Wow. This is incredibly good news for the HPC community. The US Patent and Trademark Office describes the medal as “the highest honor for technological achievement bestowed by the President of the United States on America’s leading innovators.”
The Medal is awarded annually to individuals, teams (up to four individuals), companies or divisions of companies for their outstanding contributions to the Nation’s economic, environmental and social well-being through the development and commercialization of technological products, processes and concepts; technological innovation; and development of the Nation’s technological manpower.
The purpose of the National Medal of Technology and Innovation is to recognize those who have made lasting contributions to America’s competitiveness, standard of living, and quality of life through technological innovation, and to recognize those who have made substantial contributions to strengthening the Nation’s technological workforce.
Some of the previous recipients have included Ralph Baer (video game console), Bob Metcalfe (Ethernet), Doug Engelbart (computer mouse and hypertext), Vint Cert and Bob Kahn (Internet Protocol), Bill Gates (early vision of universal computing at home and in the office), Grace Hopper (computer languages), Gordon Moore (large scale integrated memory in microprocessors), and Steve Jobs and Steve Wozniak (personal computer).
According to the Wikipedia, nomination goes thusly
Each year the Technology Administration under the U.S. Department of Commerce calls for the nomination of new candidates for the National Medal of Technology [via the Federal Register — ed].

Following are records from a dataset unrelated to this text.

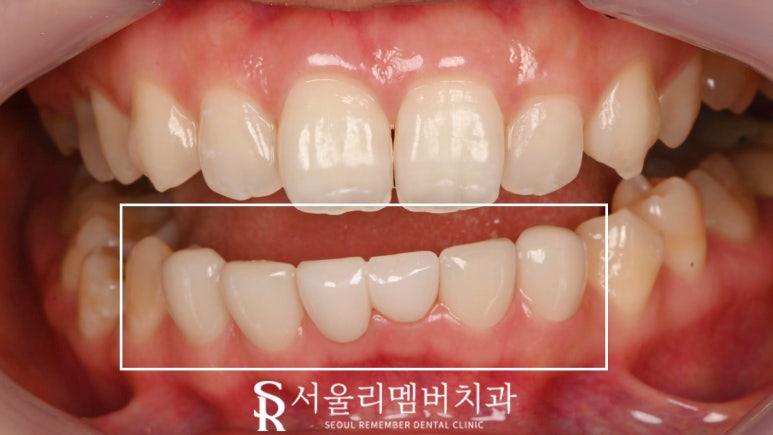 사당 치과 아래 앞니 만기 잔존 유치 크라운과 리얼네이트 동시에 심미 보철 치료 관련 이미지 6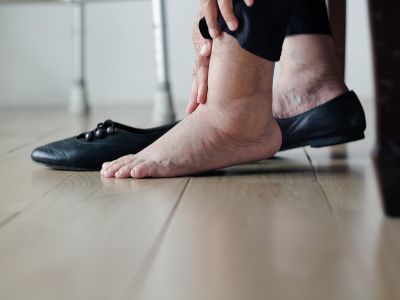 تورم القدمين: لماذا وماذا تفعل؟
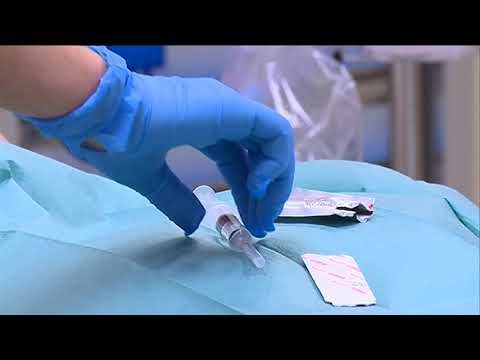 AL SAN JACOPO MENO PAZIENTI RICOVERATI FUORI REPARTO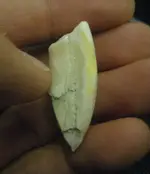 tooth2.webp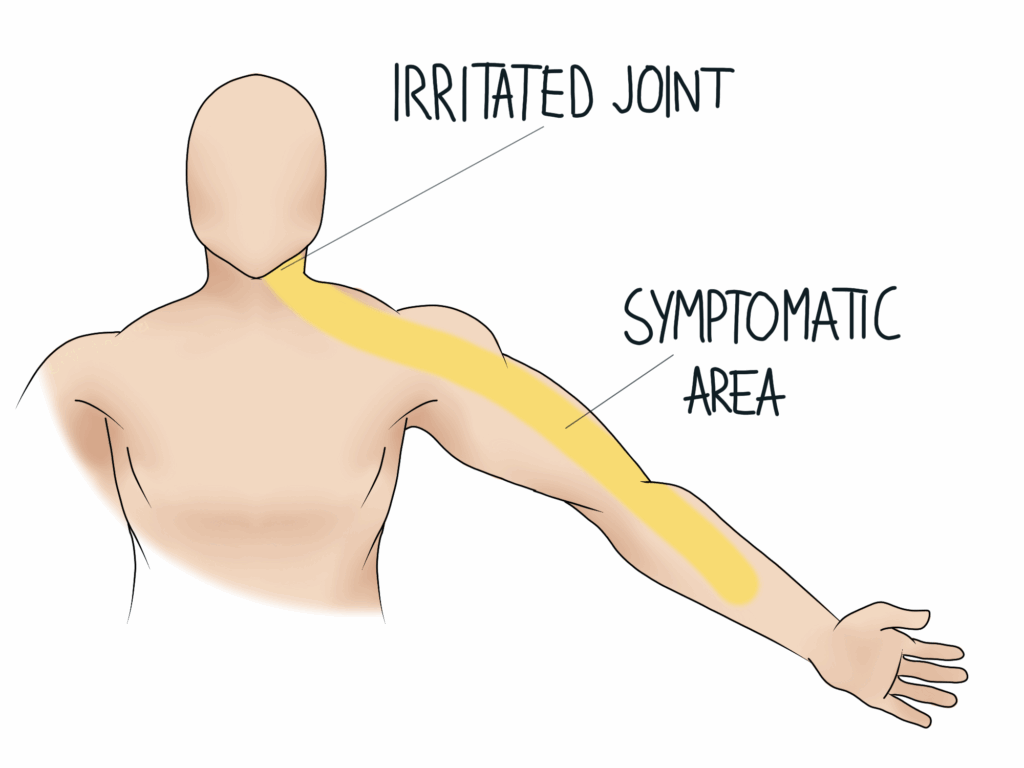 Referred pain in the arm from a neck issue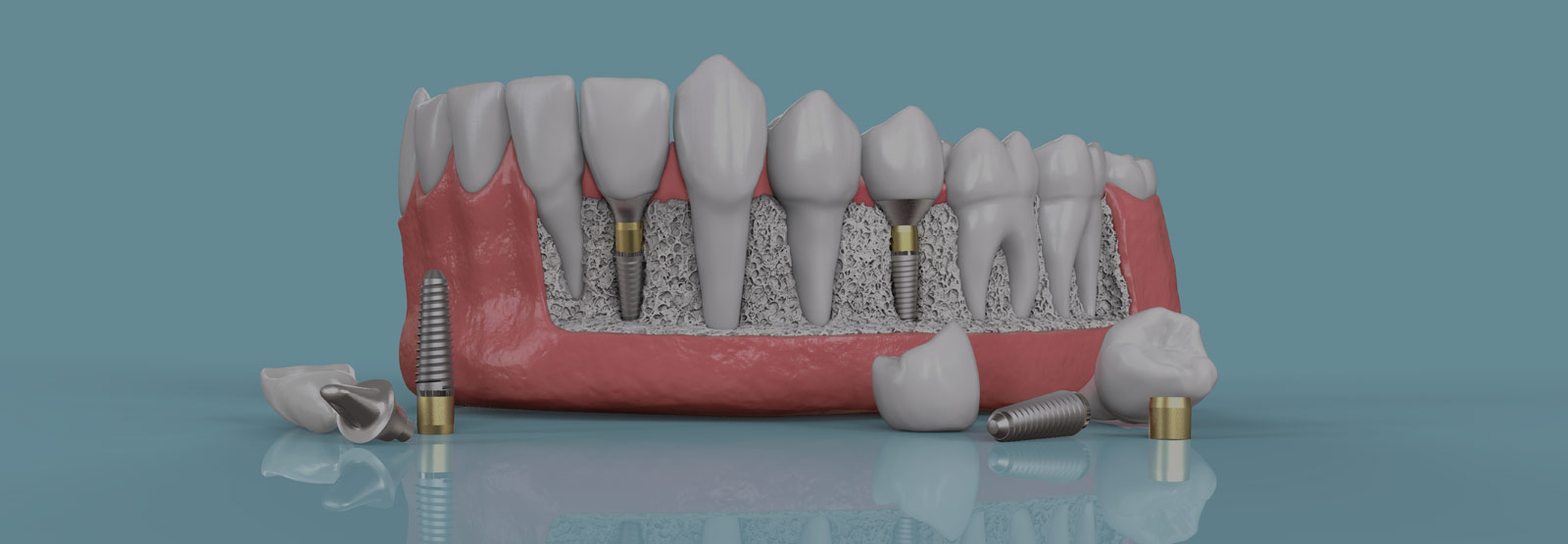 Dental implant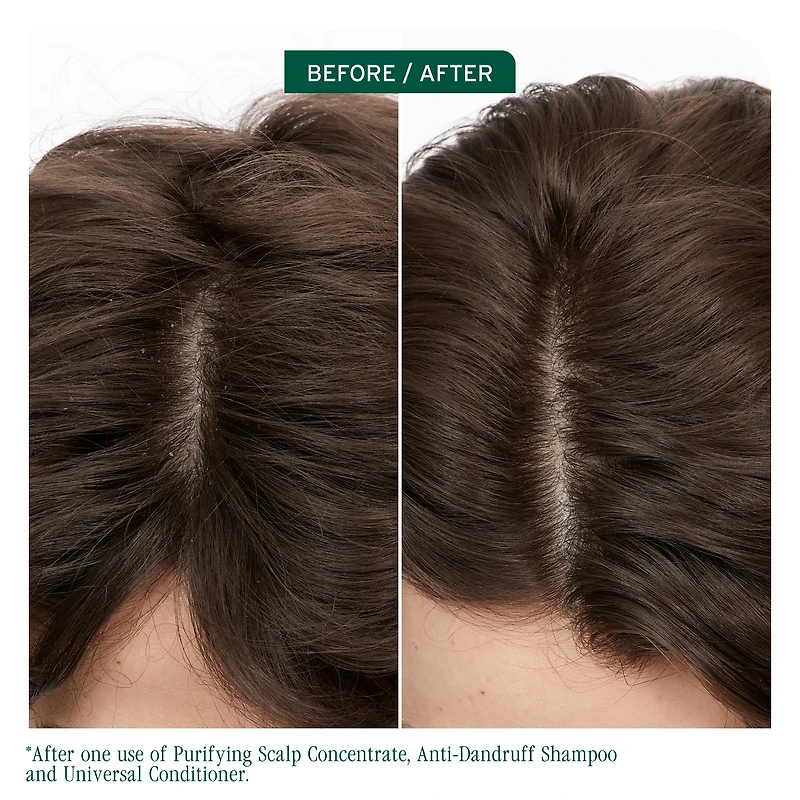 BIOLAGE Scalp Sync Anti-Dandruff Shampoo for Dandruff-Prone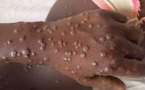 Mpox : Un deuxième cas confirmé,  les autorités sanitaires appellent à la vigilance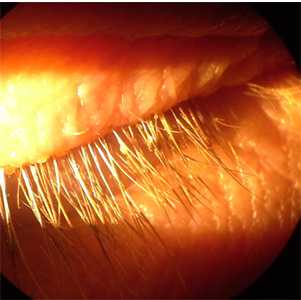 parasitic image
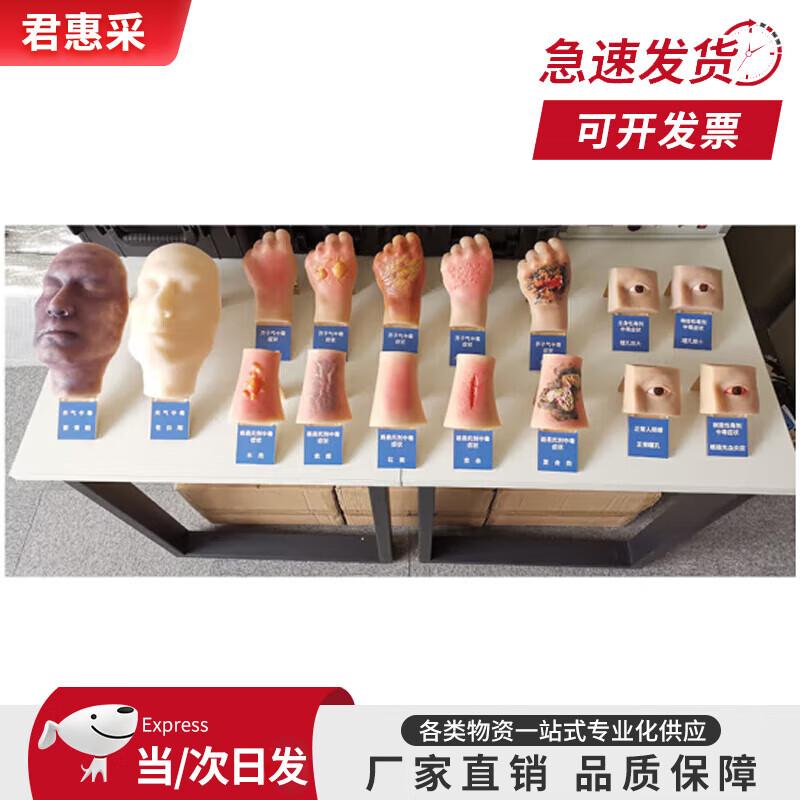 Human Poisoning Simulation Training Model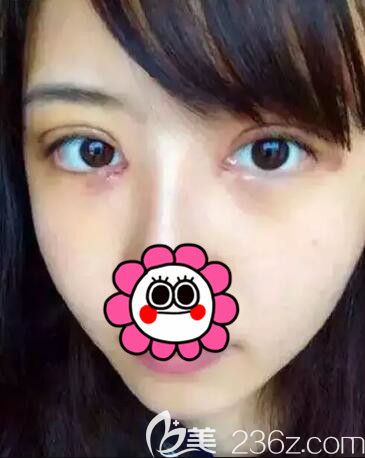 做完眼綜合術(shù)后第三天恢復(fù)情況 做完眼綜合術(shù)后第三天恢復(fù)情況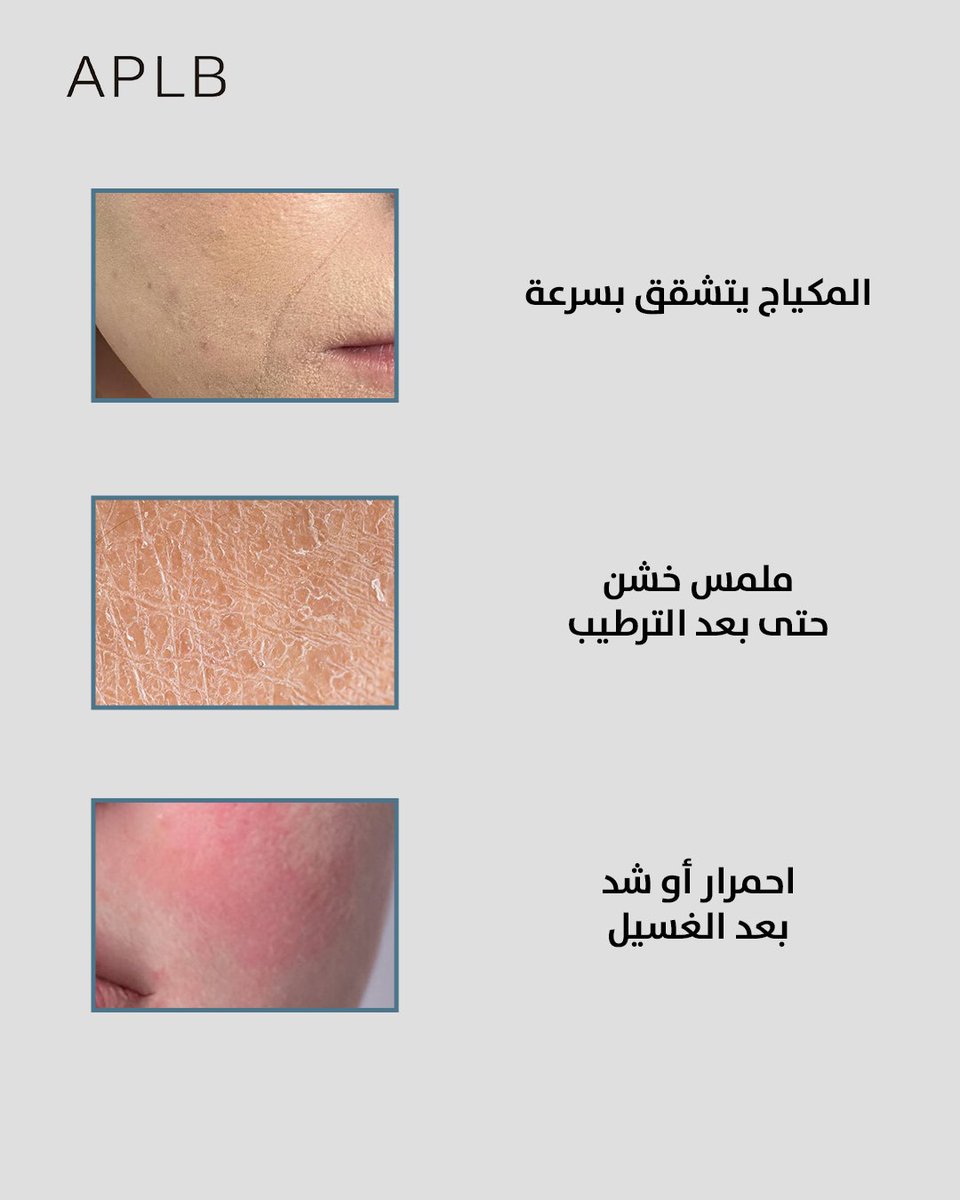dovacare's tweet photo. مكياجك يتشقق و بشرتك خشنة رغم الترطيب..
يعني حاجز بشرتك يحتاج دعم بشرتك ما تبي ترطيب سطحي، تبي  ترطيب عميق.
الحل مع APLB Urea Hyaluronic Acid:
🔹 هيالورونيك: يروي البشرة ويرطب بعمق  ويعطيها امتلاء .
🔹 يوريا:تقوى حاجز البشرة وتحسن ملمسها.
ودّعي الجفاف للأبد، وجربي قوة APLB الآن https://t.co/m1ziU0PDjJ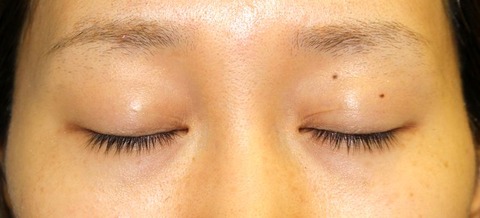 20160929po6M目もと閉瞼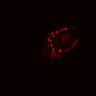 Thumbnail for Figure6B_20161208_ErkNLS_24hrCHIR_3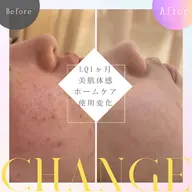 すっぴんに自信、取り戻そう🪞💓 🎐透明感UPモニター募集中！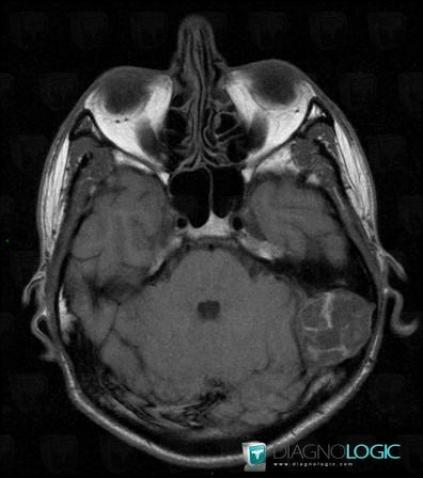 Epidermoid cyst, Posterior fossa, MRI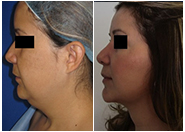 Chin Liposuction Before & After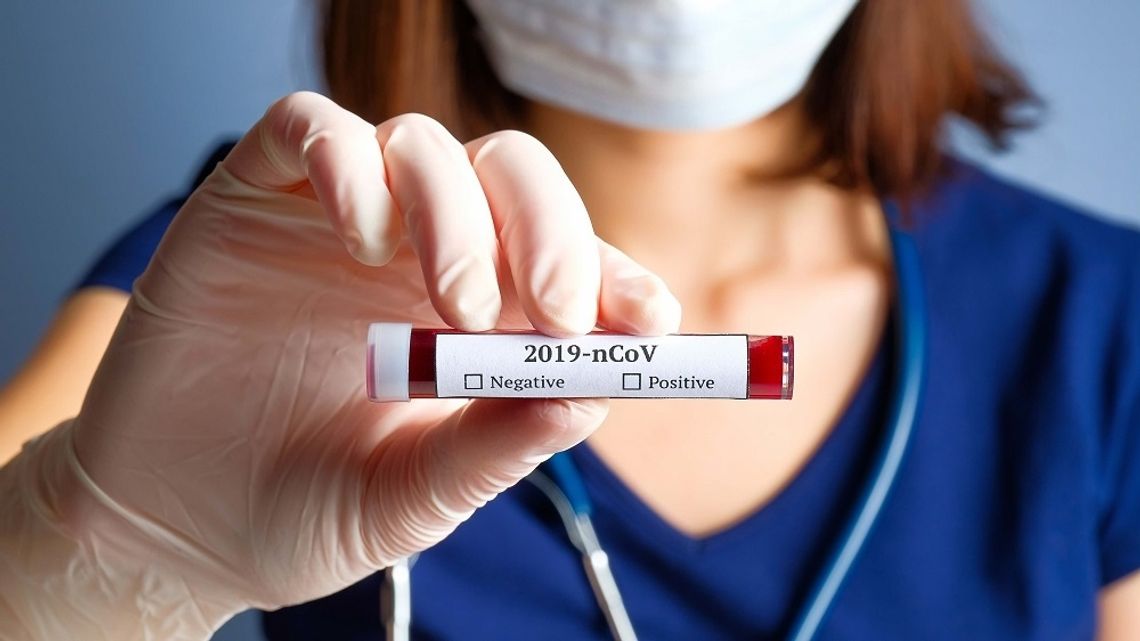 Chełm: Miasto sfinansuje testy antygenowe na koronawirusa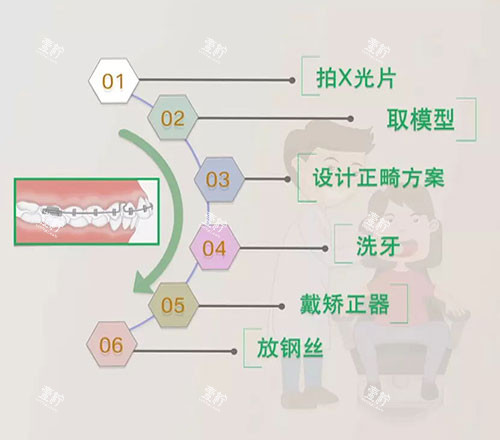牙齿矫正流程.jpg 牙齿矫正流程.jpg
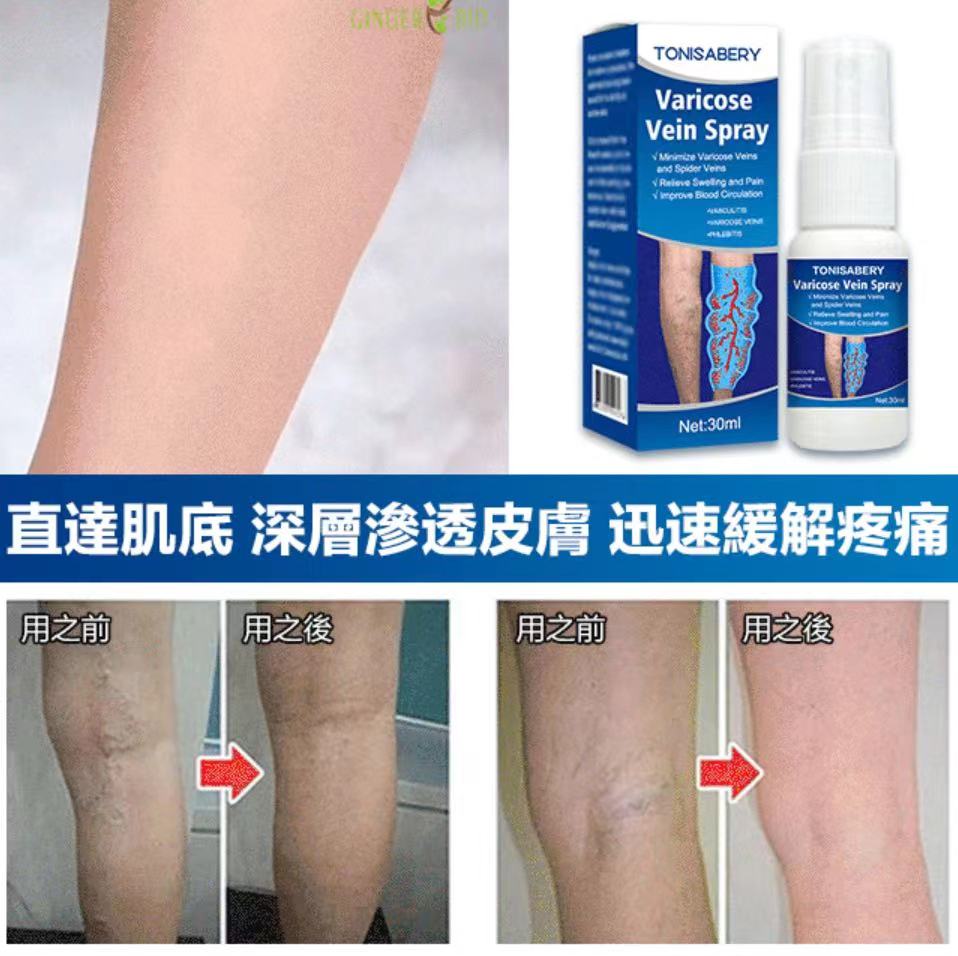 TONISABERY英國靜脈按摩曲張噴劑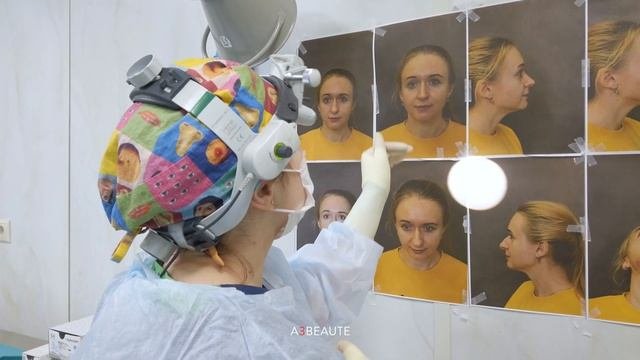 Пьезо ринопластика. История пациента. Пластический хирург Юлия Лебедева.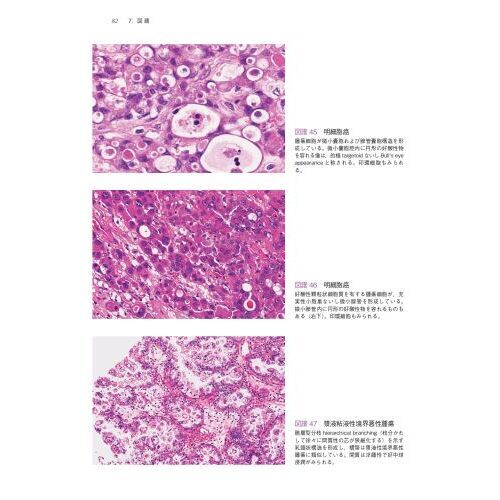 ください 卵巣腫瘍・卵管癌・腹膜癌取扱い規約 病理編：ぐるぐる王国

…All nominations are referred to the National Medal of Technology Evaluation Committee which issues recommendations to the U.S. Secretary of Commerce. All nominees selected as finalists through the merit review process will be subject to an FBI security check. Information collected through the security check may be considered in the final selection of winners. The Secretary of Commerce is then able to advise the President of the United States as to which candidates ought to receive the National Medal of Technology. The new National Medal of Technology laureates are then announced by the U.S. President once the final selections have been made.
Who else was nominated?
- Dr. Forrest M. Bird for his pioneering work in the field of respiratory and cardiopulmonary care including the revolutionary BABYBird.
- Dr. Esther S. Takeuchi for the development of the silver vanadium oxide battery technology which powers the majority of today’s implantable cardiac defibrillators and innovations related to other enabling medical battery technologies that power implantable pacemakers, implantable neurostimulators and left ventricular assist devices.
- Dr. John E. Warnock and Dr. Charles M Geschke for their pioneering contributions that spurred the desktop publishing revolution and for changing the way people create and engage with information and entertainment across multiple mediums including print, Web and video.
Thanks to reader Sharan for the tip.